Yesterday morning as I was out walking our Jack Russell, Auggie, I was gifted with the sight of one of those beautiful sunrises. The sky was on fire, red and orange, shining through the darkened clouds. Walking by the homes that lined the street the sunrise light was reflected making them shine brightly in the early morning. A light more wondrous than any of the artificial Christmas lights that hang limply along the eaves of the houses as I pass them by. It is on these early walks that I can take time to reflect on the wonders that are all around, I hear the calls of the early morning birds as they chatter away in the woods and fields, the scurrying around of squirrels looking for acorns that have dropped to the ground. Off in the deeper woods, the cry of a coyote and the screech of an owl, reminders that we humans have yet to fully contain the energy of the natural world. Today, I looked at the calendar and realized that I am now at the 200th day since I was hit by that car door. Yesterday was not the best day, the hip, which I had hoped would be much improved, has seemed to hit a plateau. Then, out of the blue, I just about blacked out. There I was brushing my teeth, when I bent down to get the mouthwash when suddenly all went dark and I began to experience that nightmarish, slow descent onto the floor. Now, I’ve had the vertigo, that wonderful moment when you’ve got the bed spins and your whole world feels like a merry-go-round out if a Stephen King novel. This was different, I just went out, like switching off a light, no spinning, no warning, just darkness. Once I was firmly sitting on the bathroom floor and beginning to realize what had happened, I began to think that maybe I was a bit dehydrated and so after a bottle of Maine’s best, water that is, I began to feel a bit better then I spent the day drinking copious amounts of water. To say the least, I haven’t felt that sensation again and I’m hoping I don’t anytime soon.
This incident and the continued hip soreness has kind of gotten me down. Combined with the usual end of year stuff that is the church, I sometimes feel overwhelmed. Pledging, budgets, lack of resources, getting the Christmas pageant going, looking for folks to help, well you can guess the rest. Christmas, that time of joy, little cherubs singing quaint Victorian Christmas Carols and the usual chaotic, frenzied people all out there trying to get that perfect gift or prepare that perfect dinner, has just seemed to lay a bit heavier on me than usual. My heart is not in it, not as much as I would like it to be, but then again, for many Christmas is a difficult time of year.
It’s in these moments that someone or something speaks to me in a new way. Yesterday, when I seemed to need that something it came wrapped in a song by Richard Shindell, Northbound 35. It was actually the words of the refrain that caught my ear:
“Mustang horses, champagne glasses
Anything frail anything wild
It’s the price of living motion
What’s beautiful is broken
And grace is just the measure of a fall.”

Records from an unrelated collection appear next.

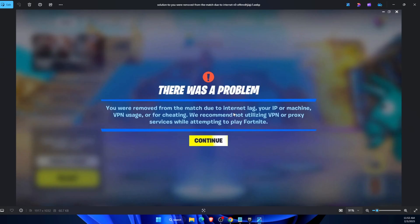Hello guys, in today's video I'm going to show you how to fix the Fortnite 'you were removed from the match' error due to your IP, VPN machine, or cheating. This tutorial will be as quick as possible.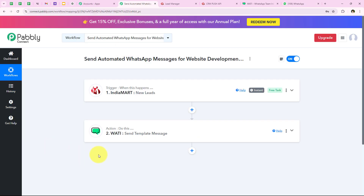We have successfully completed this workflow. You can see the message I sent to my lead during this video with the help of my workflow. After creating this automation you don't have to come back to your workflow and click on save and send test request again. You can just sit back and relax because now as soon as you receive a new lead from your IndiaMart account, the WhatsApp message will be sent automatically.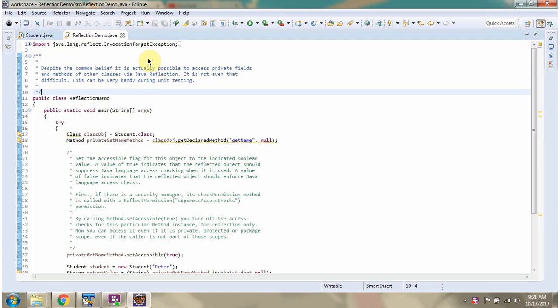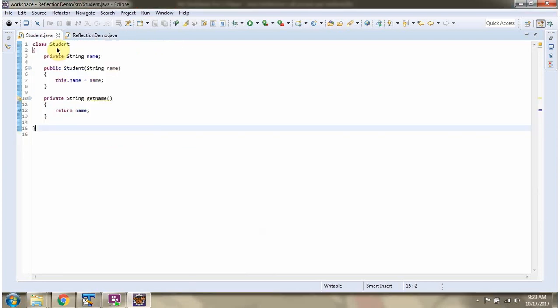This video tutorial will cover using reflection how to call a private method. Here I have defined the class Student. It has one field — the field is name — and it has a Student constructor, and it has a getName method which is a private method. We will see how to call this private method using reflection.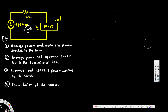In this video we are going to see how to calculate average power and apparent power. In this problem we are asked to find the average power and apparent power supplied to the load, lost in the transmission line, and supplied by the source. We also need to find the power factor of the source.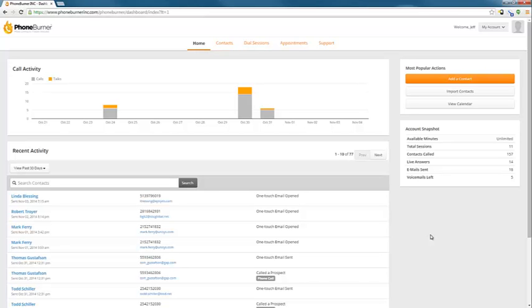Hello and welcome to the PhoneBurner walkthrough. I want to walk you through our new system and help you get this account set up and running quickly.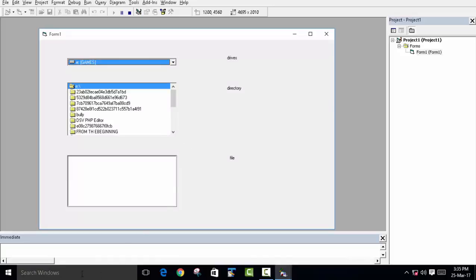This is how you can use the Drive List Box, Directory List Box, and File List Box together with a pop-up menu to search for specific file types. If you like the video, please press the like button. If you have any questions, queries, or suggestions, please leave them in the comment box. Subscribe for more — bye!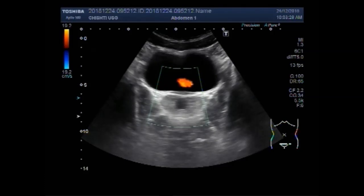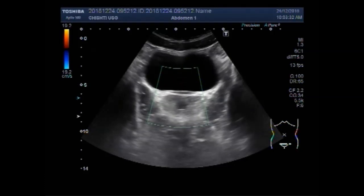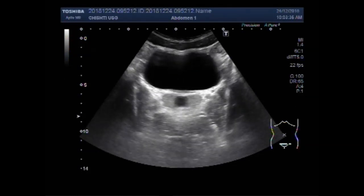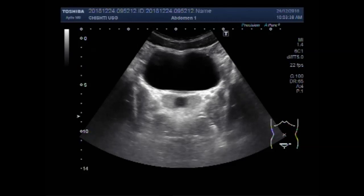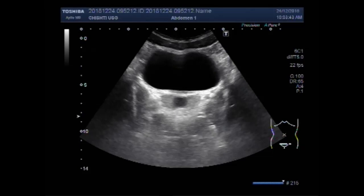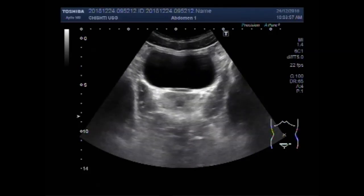You can see the Prostatic Utricle Cyst. It measures about 16.3mm.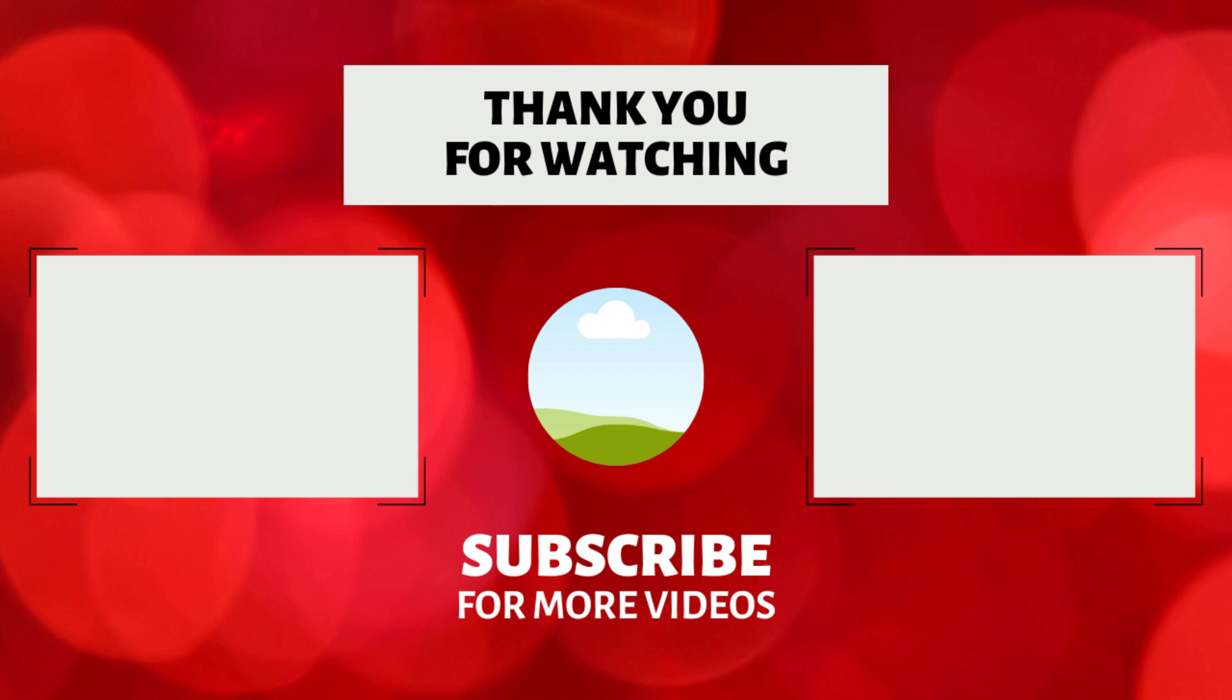That's all in this video. If you find this video useful, feel free to like and share this video. If you are new to my YouTube channel, subscribe to this channel. Thank you for watching this video.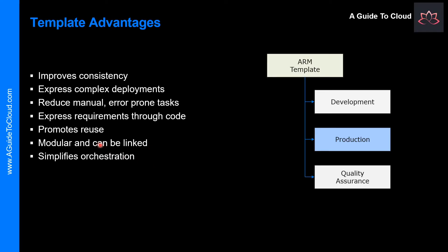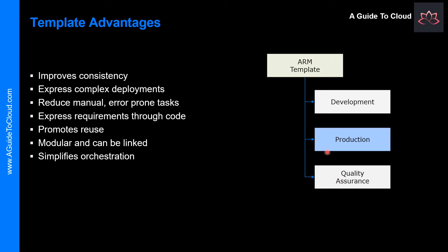And finally, these templates simplify orchestrations. You only need to deploy the template to deploy all of your resources. Normally this would take multiple operations.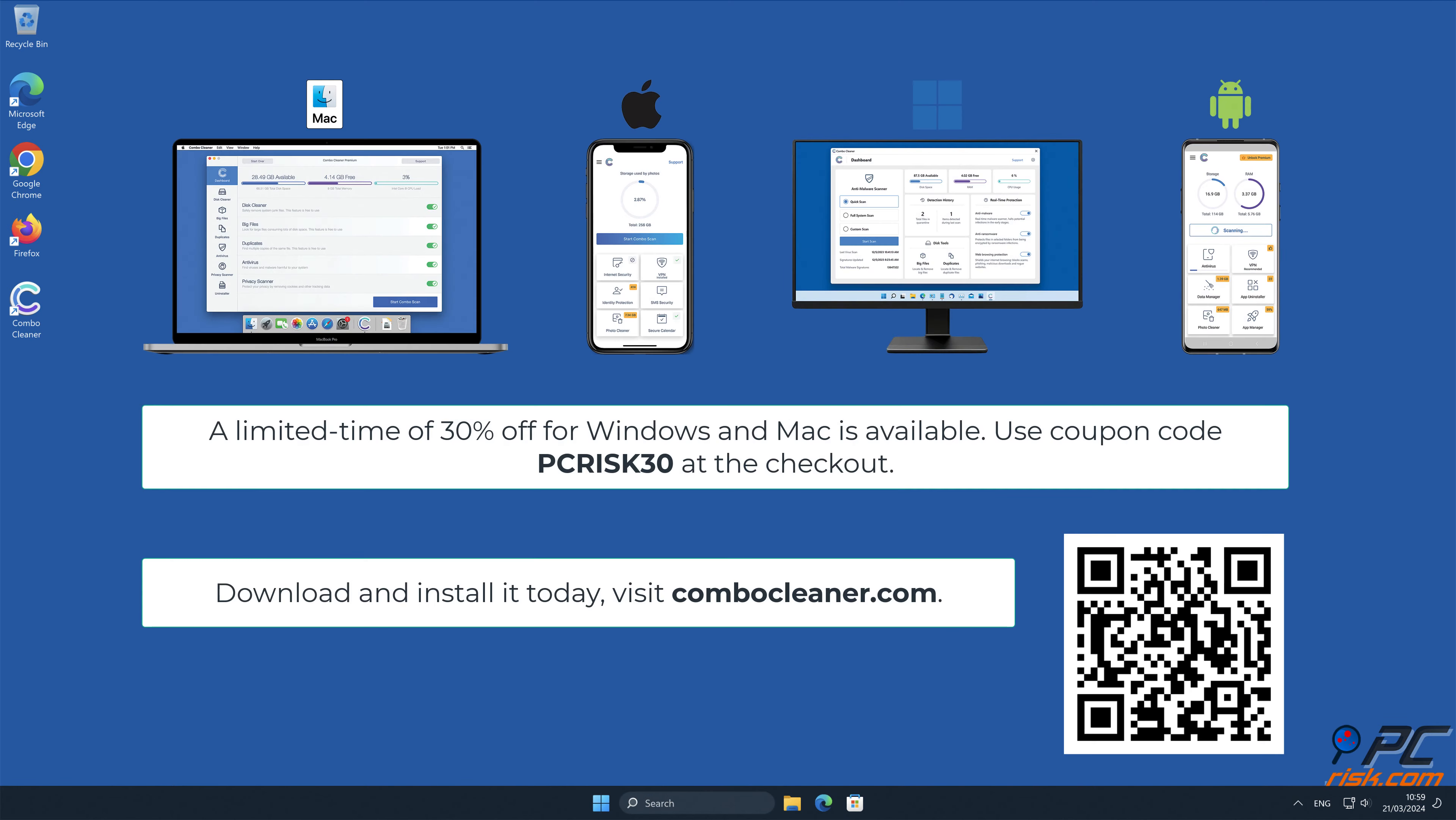Note that Combo Cleaner is available for Windows, Mac, Android, and iOS devices. To keep your device running smoothly, avoid malware, and free up disk space, we recommend using Combo Cleaner. A limited-time offer of 30% off for Windows and Mac users is available. Use coupon code PCRISK30 at checkout.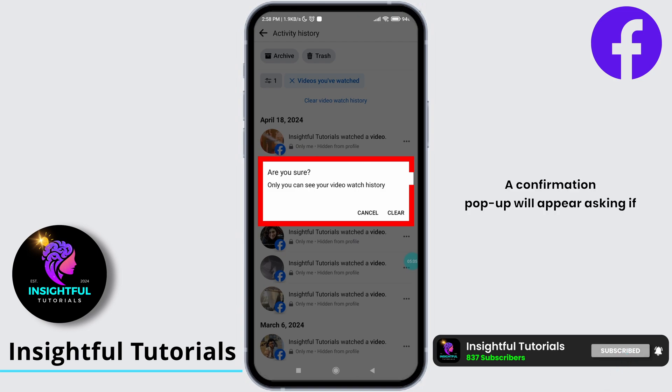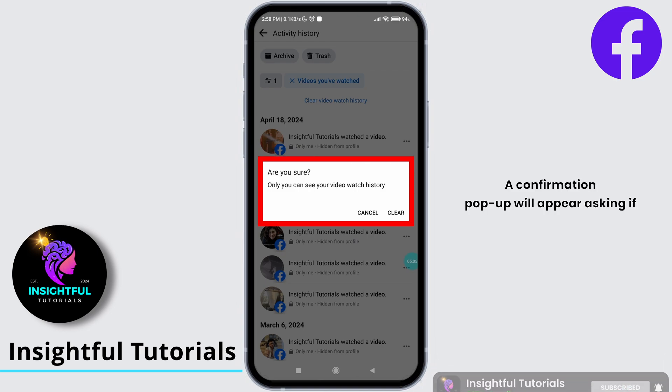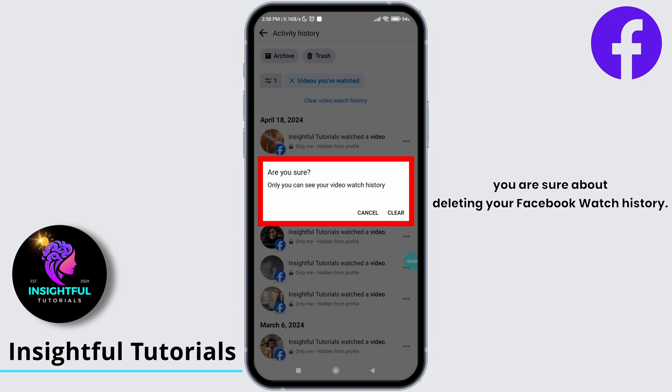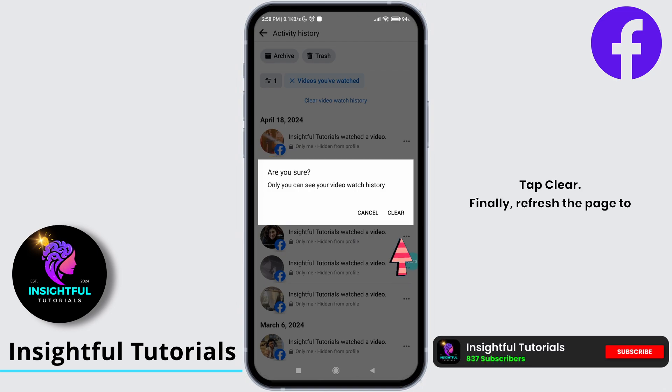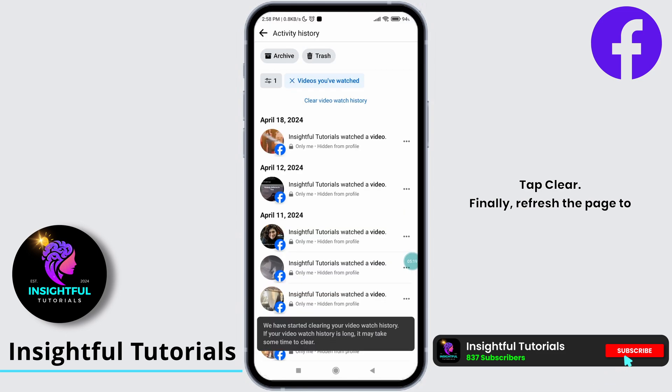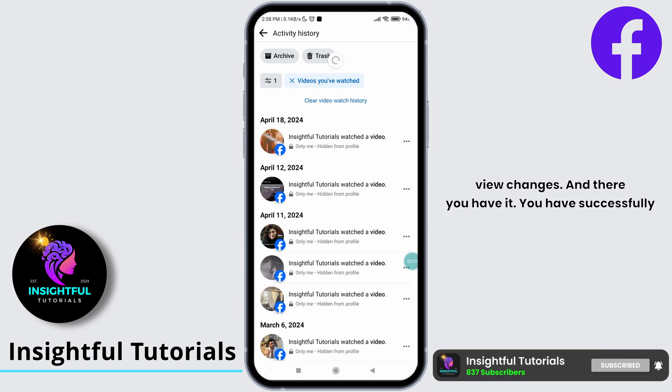A confirmation pop-up will appear asking if you are sure about deleting your Facebook watch history. Tap Clear. Finally, refresh the page to view the changes.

Grace is just the measure of a fall, hit like a dart to my soul. Grace, that seemingly ever elusive gift that doesn’t come with fancy bows or pretty wrapping paper, but comes when we are indeed broken. As I move forward I am discovering that this accident did more than just break my hip, it has caused a ripple effect throughout my being. My vulnerability, something many of us would rather not admit to, has been exposed and opened up, a deep chasm in which I look down into infinite darkness. Yet, Grace shines through that darkness and although I have many miles yet to travel and the chasm is deep somewhere within me is the resilience and faith to continue moving forward. In a strange way, the eyes of my heart have been opened to seeing that gift in even the most everyday things that surround us. The colorful burst of reds and oranges of sunrise as it glimmers on homes, to the sounds of birds chittering away in the branches and trees, to the love of family, the gift of grace, wrapped in the ordinary and yet fully extraordinary.